In portfolio vi sono 302 residence e complessi di appartamenti, 226 hotel e villaggi e una ventina di camping village, per un totale di oltre 550 strutture ricettive e 6.000 posti letto al giorno, sono i numeri di Napoleon Tour Operator, che scalda i motori in vista dell’estate e investe nella realizzazione di cinque cataloghi, già in distribuzione nelle agenzie partner sul territorio nazionale.

Focus isole

Focus sulle isole che, indipendentemente dall’esito dei progetti legati all’istituzione di aree “Covid-Free” nel Belpaese, hanno tutte le carte in regola per offrire la massima garanzia di sicurezza, attraverso un controllo capillare dei flussi turistici.  Come da tradizione, a fare da apripista alla collezione di cataloghi è il monografico “Isola d’Elba”, titolo storico che ha inaugurato la programmazione di Napoleon Tour Operator nel 1983, unico catalogo sul mercato ad offrire anche l’Isola del Giglio e Capraia. Le proposte prevedono hotel, villaggi, camping village e appartamenti, compresi residence che uniscono la riservatezza degli appartamenti ai servizi tipici del resort. Sempre sul fronte isole, tornano anche i cataloghi “Sardegna”, con 59 strutture tra hotel e villaggi e 104 tra residence e appartamenti, e “Corsica”, brochure giunta alla sua terza edizione. In tutti i casi, alla versatilità della programmazione si accompagna un’offerta di soluzioni per il trasporto marittimo, anche con auto al seguito, con possibilità di approfittare di tariffe tour operator, scegliendo liberamente tratte, vettori e orari.
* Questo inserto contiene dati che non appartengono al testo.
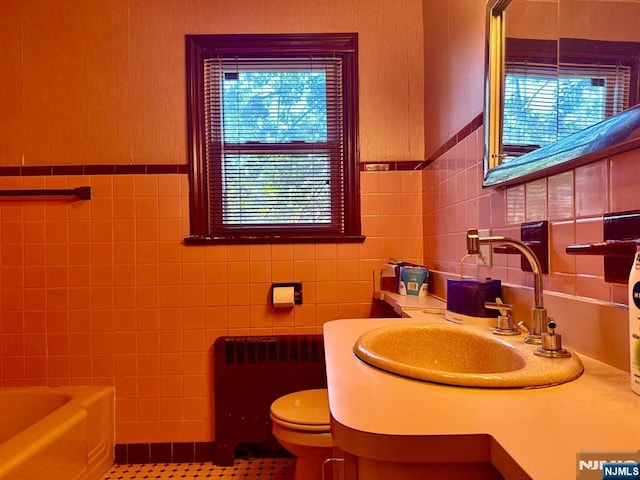 384 Audubon Rd, Englewood, NJ 07631 - bathroom featuring tile walls, radiator, toilet, a tub to relax in, and tile patterned floors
Completano la collezione dei cataloghi “Mare di Toscana”, da quasi 20 anni un best seller del tour operator, e “Vacanze con Stile”, una sorta di “best of” dedicato ai clienti più esigenti, che raccoglie le strutture 4/5 stelle della programmazione.

“Il nostro è un prodotto strategico, che intercetta perfettamente la domanda di turismo di prossimità – osserva Marco Rosselli, responsabile commerciale Napoleon Tour Operator -. Siamo soddisfatti dell’andamento del mercato interno, anche se i livelli in valore assoluto sono ben lontani dai numeri del 2019. Facciamo invece fatica a intercettare la domanda dall’estero: probabilmente si è già spostata verso altre destinazioni. Il brand Italia ha bisogno di comunicare maggiore sicurezza. Su alcune destinazioni, in primis Sardegna e Corsica, siamo in anticipo di due mesi rispetto al 2020 e questo ci fa sperare in un’ulteriore crescita nelle prossime settimane. La propensione alla vacanza è più forte nelle regioni e nelle zone che hanno sofferto maggiormente, con diverse prenotazioni in arrivo da Bergamo, Milano e in generale da tutta la Lombardia”.

Il manager sottolinea che “il 60% della programmazione è composto da residence, appartamenti, ville e case vacanza: strutture che permettono di ridurre l’interazione con gli altri ospiti e offrono al cliente la possibilità di gestire direttamente i propri spazi, anche in merito alla sanificazione degli stessi. Ciò non esclude la proposta di hotel e villaggi, che continuano a riscontrare l’interesse di molti clienti”.

Da segnalare anche il “glamping”, fenomeno dell’estate 2021: una formula di vacanza sostenibile, selezionata prevalentemente da gruppi di amici e nuclei familiari che desiderano vivere un soggiorno a stretto contatto con la natura, senza rinunciare al comfort. “Nel corso dei mesi invernali ci siamo impegnati in una vera e propria attività di scouting – conclude Rosselli – per inserire nella programmazione diverse nuove opportunità, che coniugano buoni servizi, una dimensione di totale immersione nella natura e un buon rapporto qualità/prezzo”.

Denominatore comune di tutti i cataloghi è la nuova polizza assicurativa medico bagaglio e annullamento predisposta per il tour operator da I4T, valida anche in caso di eventi pandemici, che garantisce ai clienti la massima sicurezza, sollevando le agenzie da ogni tipo di incombenza e responsabilità. La copertura compresa nei pacchetti prevede ad oggi anche una specifica estensione in caso di obbligo di quarantena prima della partenza – con il rimborso delle penali di annullamento – e in corso di viaggio – con la restituzione dei maggiori costi sostenuti per l’eventuale prolungamento forzato del soggiorno e la necessità di riacquistare un nuovo titolo di viaggio di ritorno.